Third, these proponents, in their definitions and actions, have not thought through the real world implications that a backward -looking policy has on the future of cloud-computing innovation on the Internet.

  • Their "guiding principle" of the Internet is like a miles-wide fishing dragnet that captures everything in its path, intended and unintended.
  • Now think about how most all computer operating systems operate today.
    • Per Wikipedia, operating systems routinely need to employ:
      • "preemption" or prioritization of processing: "... the ability of the operating system to preempt or stop a currently scheduled task in favour of a higher priority task."
      • preemptive multi-tasking: "Preemptive multitasking allows the computer system to more reliably guarantee each process a regular "slice" of operating time."
      • Scheduling: "Scheduling is a key concept in computer multitasking and multiprocessing operating system design, and in real-time operating system design. It refers to the way processes are assigned priorities in a priority queue.
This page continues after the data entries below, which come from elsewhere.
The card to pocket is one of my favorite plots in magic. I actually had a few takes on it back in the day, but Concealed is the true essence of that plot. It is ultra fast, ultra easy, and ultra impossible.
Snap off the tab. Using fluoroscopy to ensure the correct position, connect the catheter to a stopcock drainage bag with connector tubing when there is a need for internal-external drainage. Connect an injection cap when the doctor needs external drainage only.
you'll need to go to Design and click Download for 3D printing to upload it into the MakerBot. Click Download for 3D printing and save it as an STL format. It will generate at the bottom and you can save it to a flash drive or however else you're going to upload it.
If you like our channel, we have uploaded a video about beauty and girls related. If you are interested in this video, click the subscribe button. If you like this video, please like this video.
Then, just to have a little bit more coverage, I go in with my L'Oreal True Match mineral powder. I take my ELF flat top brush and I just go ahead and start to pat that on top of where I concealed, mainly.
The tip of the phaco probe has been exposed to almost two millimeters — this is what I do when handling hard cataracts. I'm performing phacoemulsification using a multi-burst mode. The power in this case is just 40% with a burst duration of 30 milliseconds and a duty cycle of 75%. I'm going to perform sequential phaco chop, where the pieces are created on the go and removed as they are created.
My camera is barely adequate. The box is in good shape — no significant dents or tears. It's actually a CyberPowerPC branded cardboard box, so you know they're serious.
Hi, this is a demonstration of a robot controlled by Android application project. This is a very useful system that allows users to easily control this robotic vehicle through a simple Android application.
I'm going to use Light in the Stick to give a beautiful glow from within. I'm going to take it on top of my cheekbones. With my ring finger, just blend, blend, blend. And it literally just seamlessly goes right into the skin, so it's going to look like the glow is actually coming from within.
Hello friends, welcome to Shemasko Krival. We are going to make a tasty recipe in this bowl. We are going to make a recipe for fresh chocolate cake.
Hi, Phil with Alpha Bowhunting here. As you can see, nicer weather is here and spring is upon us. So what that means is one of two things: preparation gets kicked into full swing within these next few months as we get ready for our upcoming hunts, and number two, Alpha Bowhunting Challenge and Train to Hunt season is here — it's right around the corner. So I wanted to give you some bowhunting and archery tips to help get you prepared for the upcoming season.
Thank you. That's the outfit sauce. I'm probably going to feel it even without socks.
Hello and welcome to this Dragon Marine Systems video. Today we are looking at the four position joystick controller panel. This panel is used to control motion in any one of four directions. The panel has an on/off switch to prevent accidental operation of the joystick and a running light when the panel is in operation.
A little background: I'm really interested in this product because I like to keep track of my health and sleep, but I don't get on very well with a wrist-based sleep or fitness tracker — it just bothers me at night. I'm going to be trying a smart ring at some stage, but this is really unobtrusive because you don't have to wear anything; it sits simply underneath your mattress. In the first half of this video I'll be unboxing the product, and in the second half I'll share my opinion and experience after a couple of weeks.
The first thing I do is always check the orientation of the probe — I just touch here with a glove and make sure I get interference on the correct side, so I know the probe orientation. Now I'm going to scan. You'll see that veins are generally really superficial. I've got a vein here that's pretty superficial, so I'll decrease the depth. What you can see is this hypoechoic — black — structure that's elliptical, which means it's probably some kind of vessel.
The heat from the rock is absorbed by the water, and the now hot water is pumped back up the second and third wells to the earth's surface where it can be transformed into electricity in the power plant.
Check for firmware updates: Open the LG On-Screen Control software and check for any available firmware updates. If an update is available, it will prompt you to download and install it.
Fourth, my point here is that most all operating systems, even open source Linux, must intervene, manage, prioritize and schedule computer processing.

  • Under a strict net neutrality view, a computer operating system routinely is designed to not be "neutral" but give "preferential treatment" to one application over another. But not allowing prioritization would be ridiculous. Precisely my point.
    • Computers must manage, prioritize and schedule to function at all and to function efficiently.
    • It's not unfair or nefarious; it's simply essential.

Finally, take this point to its logical extension, and net neutrality would block, degrade and impair the Internet's evolution and innovation to "cloud computing," the reported future of the Internet.

  • Cloud computing  "The architecture behind cloud computing is a massive network of "cloud servers" interconnected as if in a grid running in parallel, sometimes using the technique of virtualization to maximize computing power per server."
  • Logically, for cloud computing to work over a network, it will require network managers to manage, prioritize and schedule the network. Net neutrality would not allow cloud computing management, prioritization or scheduling.

In conclusion, if net neutrality were applied to cloud computing as net neutrality proponents are urging the FCC apply it to Comcast's network management of p2p traffic, cloud computing innovation could not occur.

  • What net neutrality proponents apparently don't understand is that if something is truly a principle, it is applied uniformily and completely, true principles are not riddled with exceptions to make them make sense in the real world.
  • Net neutrality taken to its logical extension -- makes no sense.
    • That's because common sense tells us all, a world, or an Internet, without some reasonable management, prioritization, or scheduling is chaos that benefits no one.